Is there a person holding the branding device? Just going by the _beit_ under scrutiny here, the دستش به داغ bit does of course contain the palest reference to a branding iron, but, I feel, to no apparent poetic purpose. It may, of course, refer to something that was said by the poet in the earlier lines, otherwise the phrase is just there, I suspect, as a filler, to make up the beat and to allude in general to familiar classic terminology. I feel the idea is that rather than allowing love to put the sign or stigma of sacrifice on its body, or without concern for or knowledge of what light can or should do to one, the moth is circling around the source of light/love/adoration at a safe distance, i.e. without getting close enough to be scorched. In which case, دستش به داغ only serves as an introductory phrase here, something along the lines of "insofar as being affected by the heat or being branded with love goes". Moreover, I happen to think that (1) the owner of the hand, (2) the subject of the first _mesra,_ and (3) the subject of the second _mesra_, are most likely all one and the same, the moth. I quite like the little insect by now; it's got us all wondering about its mindset, isn't it!


----------



## colognial

Thanks very much, molana. This is what I found (معنی همان | لغت نامه دهخدا):
*لغت نامه دهخدا *همان . [ هََ ] (ضمیر مرکب ، ص مرکب ) اشارت است به چیزی که در خاطر ملحوظ است . (آنندراج ). مرکب است از هم + آن . در جمله بدین معنی است : این آن چیزی است که بوده است و متکلم و مخاطب میدانند


----------



## HZKhan

طبق 'فرھنگ بزرگ سخن' واژهٔ 'همان' معنای 'همچنان' را هم دارد، و برای اثبات این معنی بیت زیر از ناصر خسرو را درج کرده‌اند:
چونان که به غار شد پیمبر
من نیز همان کنون به غارم


----------



## colognial

HZKhan said:


> طبق 'فرھنگ بزرگ سخن' واژهٔ 'همان' معنای 'همچنان' را هم دارد، و برای اثبات این معنی بیت زیر از ناصر خسرو را درج کرده‌اند:
> چونان که به غار شد پیمبر
> من نیز همان کنون به غارم



The word همچنان can also function as an adverb to denote continuation of an action, e.g.,

من همچنان به آینده ی این طرح امیدوار هستم (I'm still hopeful about the future of this scheme).
قصه همچنان باقیست (The state of things remains as before).
او همچنان به راه خود ادامه داد (He continued on his way).
پرنده را از فقس آزاد کرده ام، اما او همچنان لب از آوازخواندن فرو بسته است (I've let the bird out of the cage, and still it won't sing).

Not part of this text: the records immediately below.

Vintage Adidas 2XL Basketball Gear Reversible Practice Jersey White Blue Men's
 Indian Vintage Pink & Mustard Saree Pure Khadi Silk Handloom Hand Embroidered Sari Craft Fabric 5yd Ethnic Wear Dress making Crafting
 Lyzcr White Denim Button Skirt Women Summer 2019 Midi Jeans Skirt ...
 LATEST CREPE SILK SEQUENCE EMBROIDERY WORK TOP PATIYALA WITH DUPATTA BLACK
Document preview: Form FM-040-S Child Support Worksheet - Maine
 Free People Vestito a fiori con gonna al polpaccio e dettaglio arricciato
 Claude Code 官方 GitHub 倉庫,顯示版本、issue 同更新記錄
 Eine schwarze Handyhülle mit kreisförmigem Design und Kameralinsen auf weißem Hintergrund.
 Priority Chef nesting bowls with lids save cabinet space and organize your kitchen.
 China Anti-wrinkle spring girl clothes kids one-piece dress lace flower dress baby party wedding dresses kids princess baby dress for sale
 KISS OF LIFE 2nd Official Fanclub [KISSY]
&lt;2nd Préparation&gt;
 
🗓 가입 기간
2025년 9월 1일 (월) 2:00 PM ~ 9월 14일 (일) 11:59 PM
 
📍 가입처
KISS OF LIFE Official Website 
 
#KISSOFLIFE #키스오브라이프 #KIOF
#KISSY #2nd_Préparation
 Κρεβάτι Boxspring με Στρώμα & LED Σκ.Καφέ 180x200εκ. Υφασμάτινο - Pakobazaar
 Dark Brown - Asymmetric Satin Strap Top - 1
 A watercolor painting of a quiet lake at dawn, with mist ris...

Also, I am not sure how the quoted verse is a suitable example, since the sentence will make little sense if one  substitutes همچنان for همان in it.

من نیز همچنان کنون به غارم sounds wrong, because the two adverbs, همچنان and کنون, do not go together; one means 'still', while the other refers to the time of action, which is 'now'.

Perhaps همچنان and همان come to have more or less the same meaning only where they are used to make a direct comparison, e.g.,

حرف تو همان حرف من است، هرچند نتیجه گیری هامان با هم فرق دارند
(Your argument is the same as mine, although the conclusions we arrive at are different.)
حرف تو همچنان حرفی است که من می زنم، و تفاوت تنها در نتیجه ای است که هرکدام می گیریم
(Your argument is similar to mine, with the difference lying only in the conclusion each of us arrives at.)


----------